Scaling IOTA Part 2 - Untangling the Tangle
To solve the problems mentioned in the first part of this blog post, we need a completely different form of sharding.
In the following sections, we will make a step-by-step introduction to the concepts that will allow IOTA to infinitely scale the number of nodes, without jeopardizing security in the early stages of adoption or breaking down to “supply shocks” in the throughput requirements.
The Tangle shards automatically
The Tangle is not limited by a block size and anyone can always attach new transactions without relying on anything but the previous two events it references. This means that the Tangle is essentially never full and can contain an arbitrary number of transactions.
If the network throughput exceeds the processing capabilities of the nodes, then the nodes will see and process different transactions depending on where in the network they are located and will therefore also see different tangles. Nodes with similar processing capabilities, that are close to each other will have a similar perception.
Every node will validate their respective part of the DAG consisting out of a subset of all existing transactions. This is the very definition of sharding: “Split the tasks and make each node only perform a subset of the total amount of work.”
The following picture shows how such a naturally sharded tangle would look like (half of the transactions get processed by half of the nodes):
This process of splitting can happen recursively so that i.e. shard 1 splits into further shards whenever the nodes are unable to process all of the remaining transactions. Different network segments will shard at different times depending on the actual throughput and more or less instantly without having to engage in complicated negotiations about when and where to shard. It simply depends on the transactions the nodes can process (agent-centric approach).
Once the load drops, the different tangles are in theory (see problems below) able to merge back together, resulting in a system that is able to dynamically react to different network conditions and growing adoption.
Problems with this approach
While this solution is extremely simple and in theory allows the network to scale to an arbitrary amount of transactions per second, it also has a few very serious problems:
- The nodes have no perception of which part of the tangle they are responsible for. Consequently, the users would have a hard time knowing which node to choose when trying to access their funds.
- It becomes hard for the different shards to interact as there is no objective perception of which shards even exist.
- Since the different tangles share the same history but not the same validators, one could double-spend funds that were received before the split, in each shard separately — see the picture:
This double-spending problem is pretty severe as it even prevents the tangles from merging back together (once the load drops), undermining the full potential of the solution.
The reason for these problems is however not the structure of the DAG itself (as claimed in this video by RADIX), but the fact that the Tangle essentially shards completely uncontrolled and randomly.

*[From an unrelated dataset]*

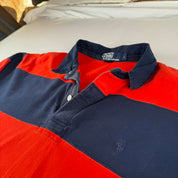 Polo Ralph Lauren Striped Embroidered Pony Rugby Polo Shirt L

Solving the mentioned problems
To solve these problems we need to find a way for nodes to shard in a non-random and deterministic way. This means that we essentially need to find a mechanism that allows us to associate nodes and their transactions to a certain location in the sharded network.
To achieve this, we make every node and transaction carry a marker that defines to which shard they belong (even before any shards evolve). When the need arises to split up, the DAG splits and the ledger state splits with it.
Let’s have a look at the same example but this time with every transaction carrying a marker (blue or red):
Initially, the transactions of the different shards are “entangled” but after the tangle splits, the red nodes will only track red balances and transactions and the blue nodes only their respective part. This simple mechanism removes the ability to double-spend old funds without introducing a complicated form of inter-shard communication. Every shard has a certain jurisdiction that it is responsible for and a user that tries to spend blue funds in the red shard will simply be ignored. This mechanism is called state sharding.
In the example we used colors but the markers are really just numbers that can be represented by a bitmask which allows the tangle to shard arbitrarily often (a 64 bit marker would, for example, allow us to create more than 9 quintillion shards).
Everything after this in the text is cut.